When I was a naïve, wide-eyed freshman in a bare-bones FM
comp (oh, how things don’t change), I learned from my editors and from
my news-comping, soon-to-be-blockmate. Amit R. Paley ’04 taught me how
to make an FTM work and how to stand up to a source. When I did a
research assistant stint for Parker R. Conrad ’02-’03, he treated me
like someone who deserved to hear his thoughts about where his scrutiny
was going. I knew nothing about the administration, about
preregistration, about how university politics worked—but boy, did I
learn fast when someone older bothered to cultivate my knowledge.
The more I put into The Crimson, the more I gained—and from
observation (and numerous professional interviews), that’s the
experience of everyone else too. But besides being smart and dedicated,
in the abstract, it always, always helps to know a couple of the people
who are currently in power. This straight-from-Taiwan,
formerly-teetotaling, deadly earnest girl never had those social
networks to tap.
So how did I get some of the requisite skills to being a
semi-competent chair? I was horribly persistent and wrote a scrut. I
learned so much in my editing sessions with Rachel E. Dry ’04,
listening quietly as she and Liz F. Maher ’04 talked in the office. But
also, I shot for associate editor and got it. And in my year as
associate, I learned: in the production suite, in the newsroom, in the
FM office. I watched in awe as Mollie H. Chen ’05 worked her
organizational magic, and as Sarah M. Seltzer ’05 made stories funnier,
wittier, more nuanced.
Still (and don’t tell the people who okayed my promotion), I
didn’t really know how to edit a long story, or how to find the best
angle. Watching and mimicking my co-chair Elizabeth W. Green ’06, one
of the most thoughtful people and best writers I have had the pleasure
of knowing, certainly helped, but she couldn’t hold my hand. But, in
doing, in making mistakes, in occasionally getting things really,
really right, the year has gone by.
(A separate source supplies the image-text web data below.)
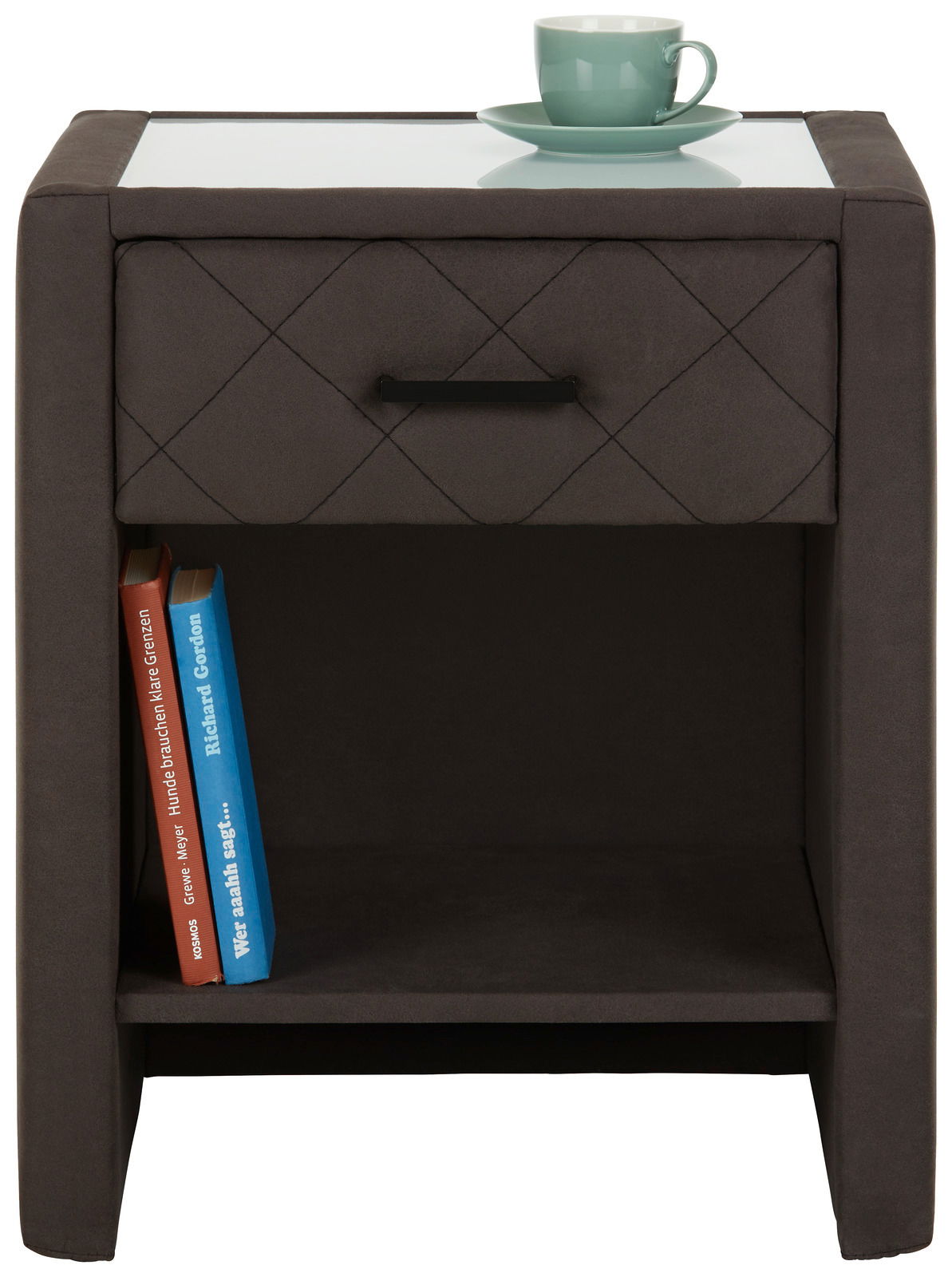 Nachtkommode in dunklem Stoff mit einer Schublade und einem offenen Fach, darauf eine Tasse. Frontalansicht.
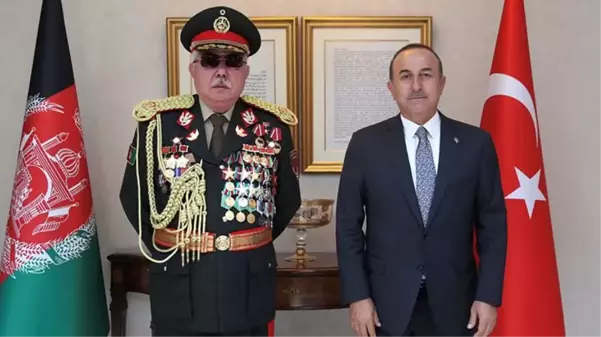 Mevlüt Çavuşoğlu'nun görüştüğü Mareşal Raşid Dostum'un üniformasındaki madalyalar dikkat çekti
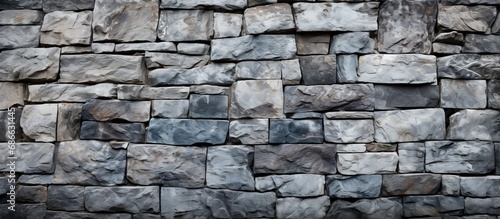 Texture of a strong stone wall used as background in a closeup shot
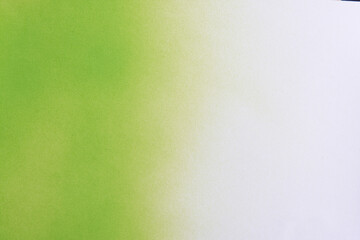 gradient green spray paint on a white paper background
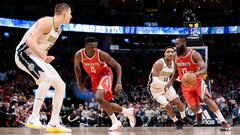 Feb 25, 2018; Denver, CO, USA; Denver Nuggets center Nikola Jokic (15) defends against Houston Rockets center Clint Capela (15) as guard Gary Harris (14) guards guard James Harden (13) in the fourth quarter at the Pepsi Center. Mandatory Credit: Isaiah J. Downing-USA TODAY Sports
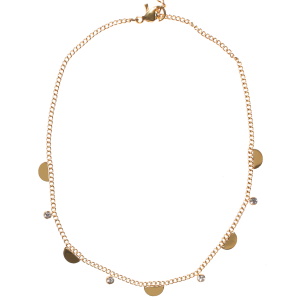 Bracelet de cheville composé d'une chaîne avec des demi pastilles rondes en acier doré et de quatre strass sertis clos. Fermoir mousqueton avec 5 cm de rallonge.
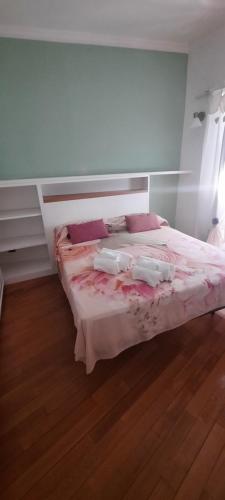 a bedroom with a bed with pink sheets and pillows at Oasi in Poggio Moiano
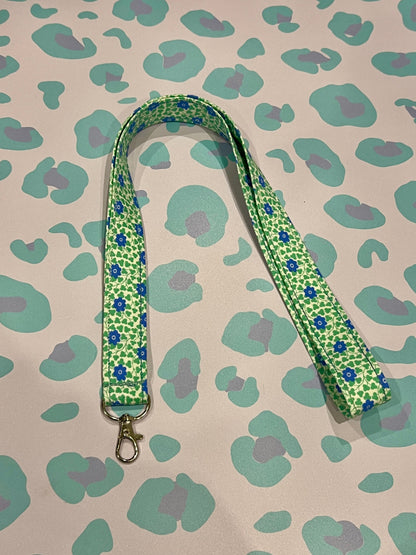 Sew Much Love Liberty blue floral and green leaf print lanyard with silver clasp.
The magazine came out 22 times
under Elizabeth, publisher Evan R. Johnson ’06, our amazing beautiful
staff of associates, designers, photogs, and me. We published some
pretty good stories. And now, I’ve come away from my three-and-a-half
years at the magazine a better reporter and writer.
I’ve loved my years here, but it makes me sad to think that
someone more talented than me, but less stubborn and less connected,
could have dropped away from The Crimson. And as earnest as this may
be: here’s to making the building more inclusive. Because it’s a
building and an organization that I deeply love.